Anyway, I went ahead and bought all the remaining Sandman books in the series. Started reading The Season Of Mists.
Introduction by Harlan Ellison: did I mention I like his style of writing?
anyway, as I started reading, I was struck by a certain resonance in the character of Destiny: a character, carrying his book, which records everything that has happened, and possibly everything that has ever happened.
Examining his book, he finds the encounter with the three women outlined there in every detail. Reading on, he knows what he must do.

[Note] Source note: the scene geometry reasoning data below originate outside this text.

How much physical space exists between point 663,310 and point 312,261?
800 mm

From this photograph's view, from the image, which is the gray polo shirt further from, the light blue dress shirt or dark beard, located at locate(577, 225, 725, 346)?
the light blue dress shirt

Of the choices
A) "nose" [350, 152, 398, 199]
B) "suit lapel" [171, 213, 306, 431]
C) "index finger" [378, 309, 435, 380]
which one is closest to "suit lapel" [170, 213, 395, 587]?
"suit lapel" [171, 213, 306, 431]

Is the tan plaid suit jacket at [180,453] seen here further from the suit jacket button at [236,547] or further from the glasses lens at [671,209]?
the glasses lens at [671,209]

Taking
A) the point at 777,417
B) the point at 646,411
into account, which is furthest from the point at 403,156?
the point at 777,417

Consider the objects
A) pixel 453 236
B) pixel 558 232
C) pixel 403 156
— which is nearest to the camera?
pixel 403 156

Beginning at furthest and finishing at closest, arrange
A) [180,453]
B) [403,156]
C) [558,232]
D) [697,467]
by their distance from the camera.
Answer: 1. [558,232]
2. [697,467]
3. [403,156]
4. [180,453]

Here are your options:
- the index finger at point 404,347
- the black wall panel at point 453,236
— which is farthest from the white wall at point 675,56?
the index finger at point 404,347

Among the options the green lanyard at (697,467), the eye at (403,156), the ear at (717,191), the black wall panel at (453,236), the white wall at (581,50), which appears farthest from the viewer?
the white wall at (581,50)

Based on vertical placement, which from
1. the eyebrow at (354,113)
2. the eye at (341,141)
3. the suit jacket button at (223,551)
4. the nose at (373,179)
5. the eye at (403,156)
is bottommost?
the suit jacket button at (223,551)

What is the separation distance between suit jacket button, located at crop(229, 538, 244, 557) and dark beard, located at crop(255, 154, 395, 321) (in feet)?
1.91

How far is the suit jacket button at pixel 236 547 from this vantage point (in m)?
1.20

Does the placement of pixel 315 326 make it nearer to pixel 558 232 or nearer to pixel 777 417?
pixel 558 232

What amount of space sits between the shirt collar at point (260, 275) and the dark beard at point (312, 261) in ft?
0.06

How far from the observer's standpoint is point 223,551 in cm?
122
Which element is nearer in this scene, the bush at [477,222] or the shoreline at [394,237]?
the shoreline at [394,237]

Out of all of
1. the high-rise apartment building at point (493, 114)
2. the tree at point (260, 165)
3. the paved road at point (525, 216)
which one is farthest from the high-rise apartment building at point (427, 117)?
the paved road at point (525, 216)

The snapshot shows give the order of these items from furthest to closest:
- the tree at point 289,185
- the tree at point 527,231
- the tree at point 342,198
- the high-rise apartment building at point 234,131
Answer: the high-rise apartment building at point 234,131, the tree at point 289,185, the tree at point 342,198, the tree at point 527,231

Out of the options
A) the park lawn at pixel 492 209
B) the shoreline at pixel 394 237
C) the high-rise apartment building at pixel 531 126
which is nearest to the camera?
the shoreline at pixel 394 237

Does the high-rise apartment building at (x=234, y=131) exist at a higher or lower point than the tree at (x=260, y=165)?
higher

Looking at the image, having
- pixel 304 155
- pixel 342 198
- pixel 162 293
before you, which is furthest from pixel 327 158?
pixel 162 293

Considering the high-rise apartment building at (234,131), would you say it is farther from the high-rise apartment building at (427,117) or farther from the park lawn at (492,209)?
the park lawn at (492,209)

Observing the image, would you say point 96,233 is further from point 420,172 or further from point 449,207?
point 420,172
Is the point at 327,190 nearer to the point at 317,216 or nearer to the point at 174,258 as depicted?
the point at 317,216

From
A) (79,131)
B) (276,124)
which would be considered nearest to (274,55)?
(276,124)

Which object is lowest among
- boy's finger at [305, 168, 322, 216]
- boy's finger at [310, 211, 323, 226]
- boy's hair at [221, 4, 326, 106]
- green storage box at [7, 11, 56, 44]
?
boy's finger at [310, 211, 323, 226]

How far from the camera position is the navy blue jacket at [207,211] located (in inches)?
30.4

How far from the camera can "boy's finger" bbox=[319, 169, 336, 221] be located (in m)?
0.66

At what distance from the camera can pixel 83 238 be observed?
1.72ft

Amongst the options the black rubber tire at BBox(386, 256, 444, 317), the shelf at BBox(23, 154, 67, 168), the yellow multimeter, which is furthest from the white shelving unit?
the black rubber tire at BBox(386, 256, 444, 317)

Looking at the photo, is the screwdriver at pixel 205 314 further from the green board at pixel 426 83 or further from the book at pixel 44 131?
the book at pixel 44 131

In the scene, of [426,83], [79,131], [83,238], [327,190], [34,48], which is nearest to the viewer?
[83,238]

Once, I read a short story by Ted Chiang, "Story of Your Life". In it, an interpreter learns the language of an alien species. Their language has a different structure from human language, and reflects a difference in how they view life/time -- they do not seem to see a cause/effect structure in time, but rather that cause and effect are bound up together in time. Kind of like, if the effect did not happen, then there would not be a cause.
The analogy drawn in Ted Chiang's story is of a person who finds a book that writes out exactly how the future will happen. Having found out the future, there are normally two storylines that play out from there in classical fiction: (1) that the person changes her future, or (2) that the person's efforts to change the future result in the predicted future happening. Ted's protagonist posits a different possibility: that the person will be unable to choose otherwise than how the book has written.
(The linked Wiki has a much better explanation of this)
Anyway, it seems to me that Destiny is like that. He sees the book's contents and has no choice but to do exactly as it says, no?
Anyway, Ted's story is a good read. If you want to read it, I have it in one of my Dozois' annual collections. :> The Sandman is also good, and now I have the set!